The Nystrom method learns a low-rank approximation of the kernel by evaluating the kernel function at a subset of data points.

  1. Williams and M. Seeger, “Using the Nystrom method to speed up kernel machines,” in Proceedings of the 14th Annual Conference on Neural Information Processing Systems, 2001, no. EPFL-CONF.161322, pp. 682-688.
  1. Alaoui and M. Mahoney, “Fast Randomized Kernel Methods With Statistical Guarantees”, arXiv, 2001.

Given a kernel matrix \(\mathbf{K} \in \mathbb{R}^{n\ x\ n}\) and an active set \(\mathcal{A}\), the kernel matrix is approximated as

\[\mathbf{\hat{K}} = \mathbf{K}(:, \mathcal{A}) \mathbf{K}^{-1}(\mathcal{A}, \mathcal{A}) \mathbf{K}(:, \mathcal{A})^T\]

or in terms of \(\mathbf{G}\):

\[\mathbf{G} = \mathbf{K}(:, \mathcal{A}) \mathbf{K}^{-1/2}(\mathcal{A}, \mathcal{A})\]
class mklaren.projection.nystrom.Nystrom(rank=10, random_state=None, lbd=0, verbose=False)
Variables:
  • K – (Kinterface) or (numpy.ndarray) the kernel matrix.
  • active_set – The selected avtive set of indices.
  • K_SS_i – (numpy.ndarray) the inverse kernel of the active set.
  • K_XS – (numpy.ndarray) the kernel of the active set and the full data set.
  • G – (numpy.ndarray) Low-rank approximation.
__init__(rank=10, random_state=None, lbd=0, verbose=False)
Parameters:
  • rank – (int) Maximal decomposition rank.
  • lbd – (float) regularization parameter (to be used in Kernel Ridge Regression).

:param verbose (bool) Set verbosity.

fit(K, inxs=None)

Fit approximation to the kernel function / matrix.

Parameters:
  • K – (numpy.ndarray) or of (Kinterface). The kernel to be approximated with G.
  • inxs – (list) A predefined active set. If None, it is selected randomly, else use specified inputs and override the rank setting.
leverage_scores(K)

Compute leverage scores for matrix K and regularization parameter lbd.

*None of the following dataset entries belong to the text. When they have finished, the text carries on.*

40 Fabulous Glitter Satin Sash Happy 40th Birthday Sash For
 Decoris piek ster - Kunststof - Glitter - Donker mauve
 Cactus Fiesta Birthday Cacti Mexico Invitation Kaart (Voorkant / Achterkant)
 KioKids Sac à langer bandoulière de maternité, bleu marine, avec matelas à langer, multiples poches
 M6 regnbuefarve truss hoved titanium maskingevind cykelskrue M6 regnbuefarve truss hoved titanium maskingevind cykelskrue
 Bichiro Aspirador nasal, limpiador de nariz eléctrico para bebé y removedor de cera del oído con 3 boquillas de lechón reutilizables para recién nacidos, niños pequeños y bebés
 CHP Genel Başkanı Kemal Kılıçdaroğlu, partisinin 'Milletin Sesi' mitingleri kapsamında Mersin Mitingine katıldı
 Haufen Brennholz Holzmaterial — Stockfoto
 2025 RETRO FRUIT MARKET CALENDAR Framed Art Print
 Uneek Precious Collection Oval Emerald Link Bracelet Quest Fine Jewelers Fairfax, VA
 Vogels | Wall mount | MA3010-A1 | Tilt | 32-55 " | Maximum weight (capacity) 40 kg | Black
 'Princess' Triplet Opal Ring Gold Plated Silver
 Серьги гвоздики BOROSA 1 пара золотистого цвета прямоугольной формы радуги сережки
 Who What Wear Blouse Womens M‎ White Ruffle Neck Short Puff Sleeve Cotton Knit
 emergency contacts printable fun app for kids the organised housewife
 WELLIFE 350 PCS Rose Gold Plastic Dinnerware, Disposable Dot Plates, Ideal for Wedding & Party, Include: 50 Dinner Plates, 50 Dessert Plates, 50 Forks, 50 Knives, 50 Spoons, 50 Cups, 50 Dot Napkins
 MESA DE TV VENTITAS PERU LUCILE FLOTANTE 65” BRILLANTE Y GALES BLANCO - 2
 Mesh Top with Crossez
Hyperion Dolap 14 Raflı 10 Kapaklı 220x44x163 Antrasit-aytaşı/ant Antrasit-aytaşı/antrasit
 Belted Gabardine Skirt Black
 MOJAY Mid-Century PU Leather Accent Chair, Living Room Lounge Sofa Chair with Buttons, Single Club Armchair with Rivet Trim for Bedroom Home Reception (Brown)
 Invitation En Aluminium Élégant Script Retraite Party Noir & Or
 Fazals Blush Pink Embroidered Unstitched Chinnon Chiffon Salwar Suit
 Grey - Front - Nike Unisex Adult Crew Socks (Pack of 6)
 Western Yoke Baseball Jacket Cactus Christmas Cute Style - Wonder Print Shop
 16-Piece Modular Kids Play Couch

Parameters:K – (numpy.ndarray) or of (Kinterface). The kernel to be approximated with G.
Returns:(numpy.ndarray) a vector of leverage scores to determine a sampling distribution.
predict(X=None, inxs=None)

Predict values of the kernel for a test set.

Parameters:
  • X – (numpy.ndarray) Test samples in the input space.
  • inxs – (list) The active set.
Returns:

(numpy.ndarray) Predicted values of the kernel function against all training inputs.